Please retype the data in full and exactly; the pictures are not part of the copy.

Dataset section:
************
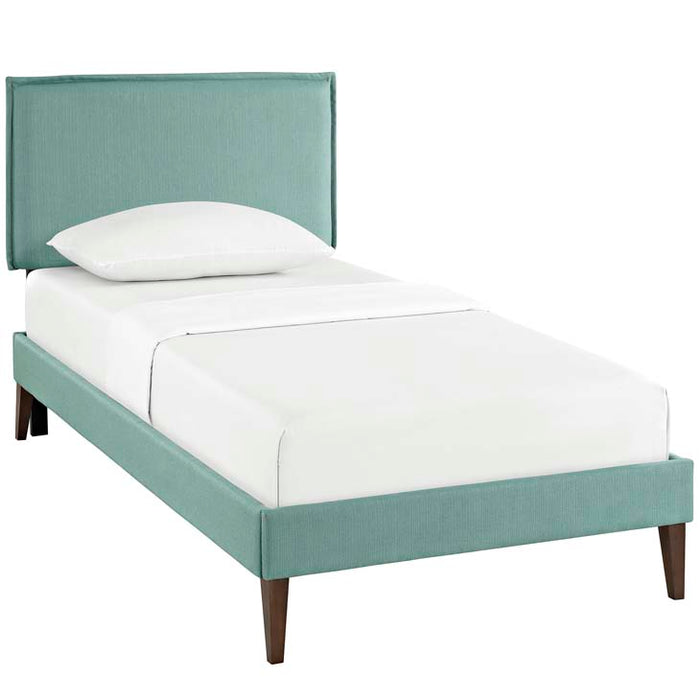 Camille Twin Fabric Platform Bed with Squared Tapered Legs 5598-LAG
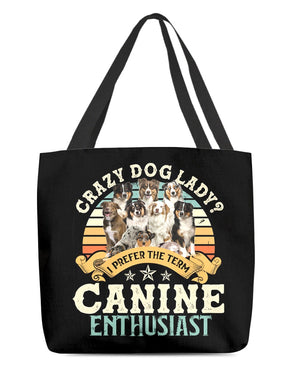 Australian Shepherd-Crazy Dog Lady Cloth Tote Bag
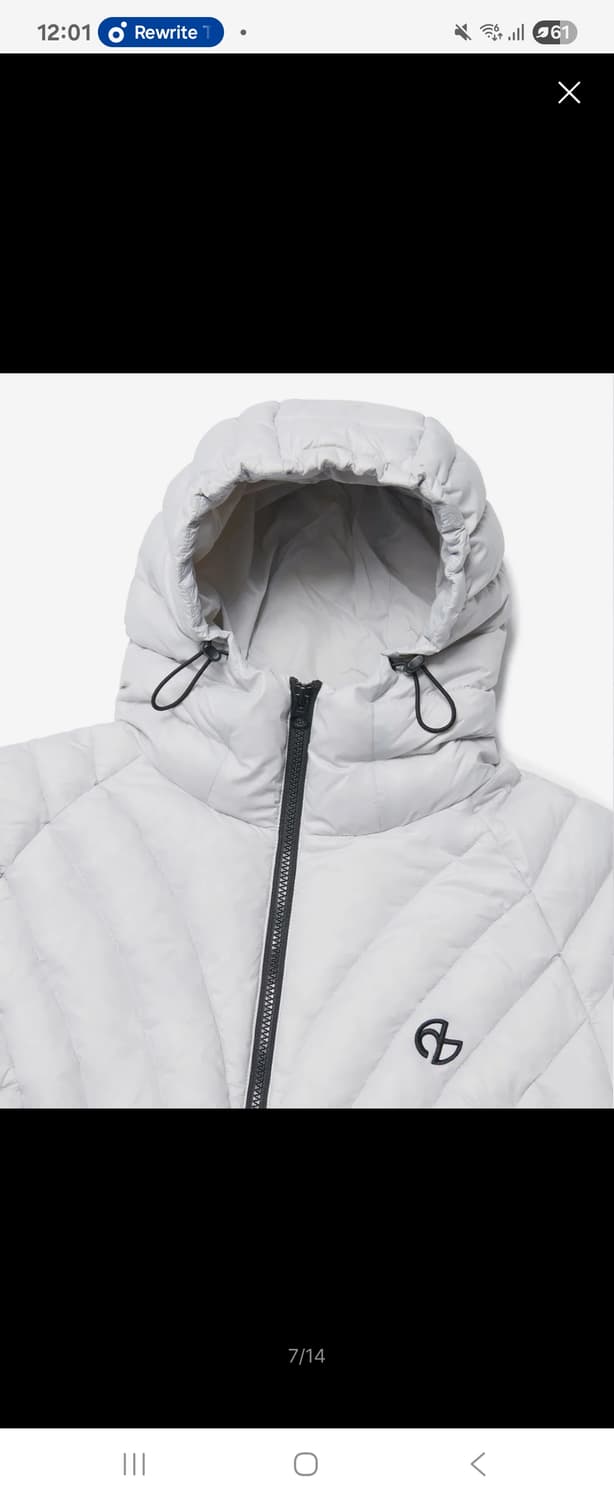 노매뉴얼 라이트 덕다운 글로시 그레이 경량패딩 S 상품이미지4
************
Output of the task:
 Camille Twin Fabric Platform Bed with Squared Tapered Legs 5598-LAG
 Australian Shepherd-Crazy Dog Lady Cloth Tote Bag
 노매뉴얼 라이트 덕다운 글로시 그레이 경량패딩 S 상품이미지4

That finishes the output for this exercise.